* **WHAT IS EXPECTED**: Exact transcription, pictures omitted: begin at the top line of the records below and end with the line bearing "PLACEMENT TEST online".

* **THE RECORDS**:
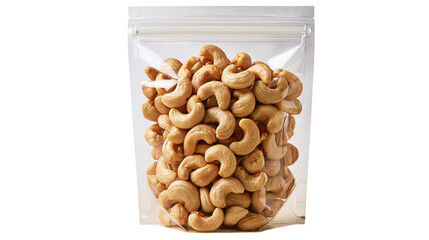 Roasted salted cashew nuts in a clear plastic stand up zipper pouch bag © dominica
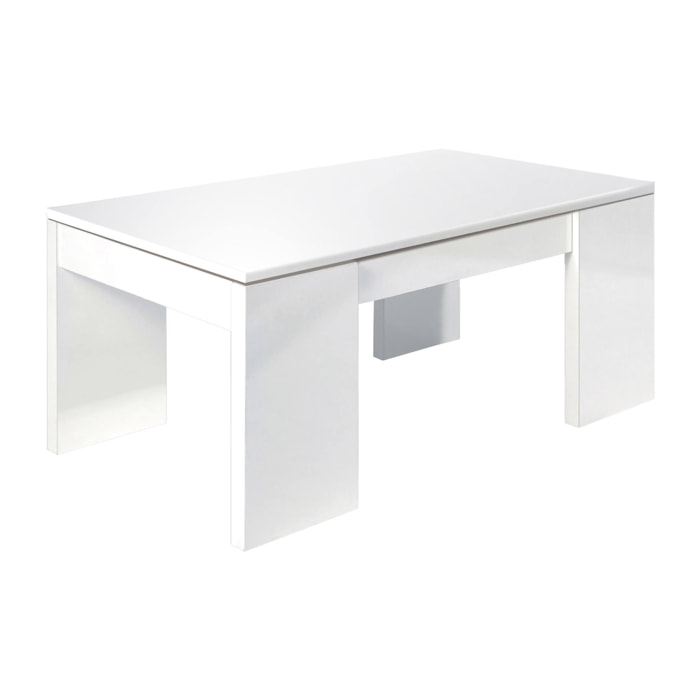 Tavolino da salotto Malibu, Tavolino da caffè con piano elevabile, Tavolo basso da soggiorno, cm 100x50h43/84, Bianco lucido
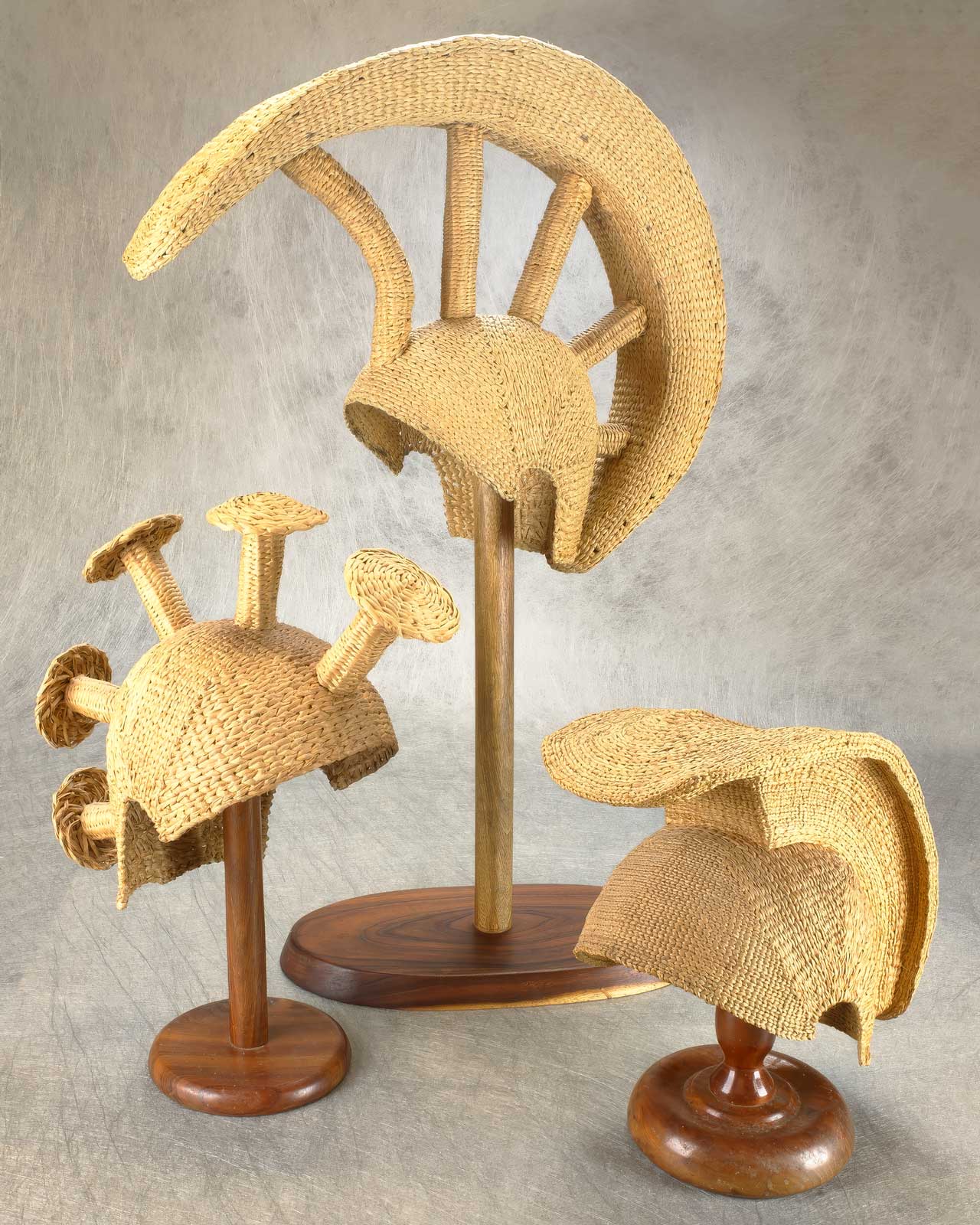  Mahiole helmet reproductions, 'ie'ie, Gary Eoff, 2005, private collection 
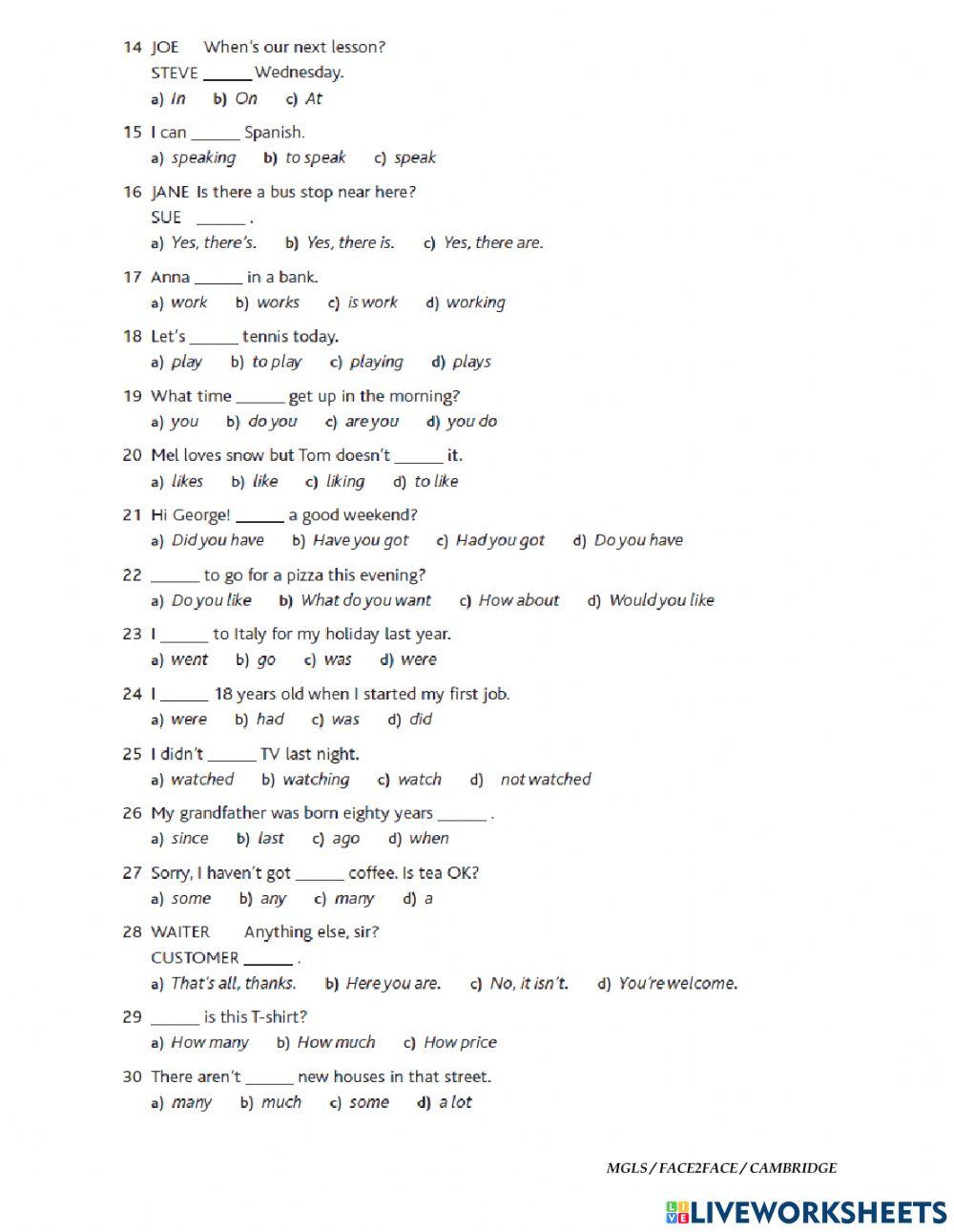 PLACEMENT TEST online exercise for | Live Worksheets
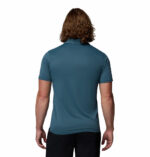 a man wearing a blue Columbia Hike Polo Shirt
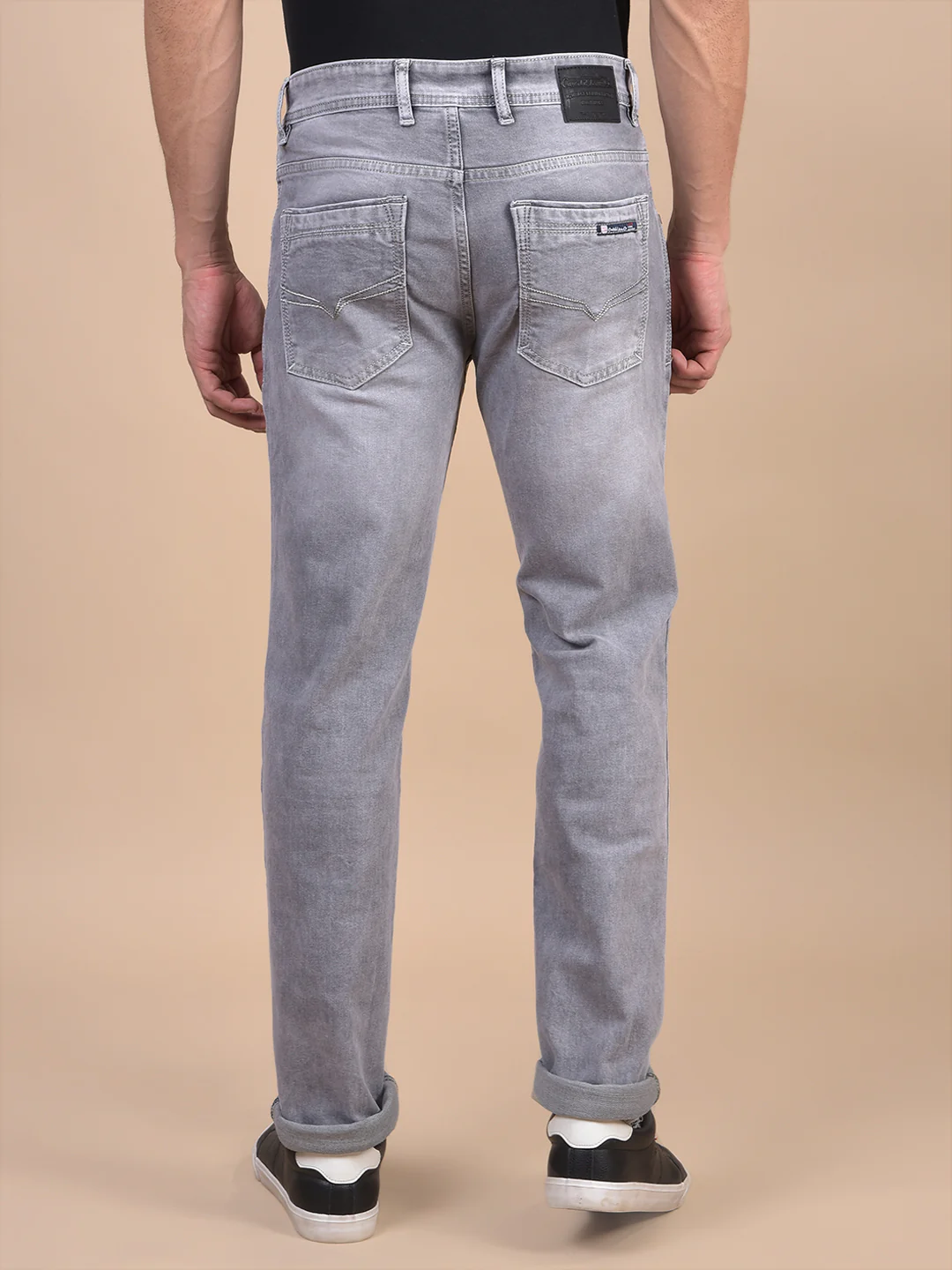 Denim Jeans for Men l Breathable & Soft with Color Fastness Ultra Narrow Fit Cotton Fabric Solid Pattern Button Closure - Image 5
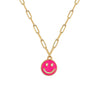 Lost Lady Sweater Smiley Face Pendant Necklace Double-Sided Clavicle Alloy Chain Women&#39;s Party Jewelry Gifts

* **RESPONSE TO THIS EXERCISE**:
 Roasted salted cashew nuts in a clear plastic stand up zipper pouch bag © dominica
 Tavolino da salotto Malibu, Tavolino da caffè con piano elevabile, Tavolo basso da soggiorno, cm 100x50h43/84, Bianco lucido
  Mahiole helmet reproductions, 'ie'ie, Gary Eoff, 2005, private collection 
 PLACEMENT TEST online exercise for | Live Worksheets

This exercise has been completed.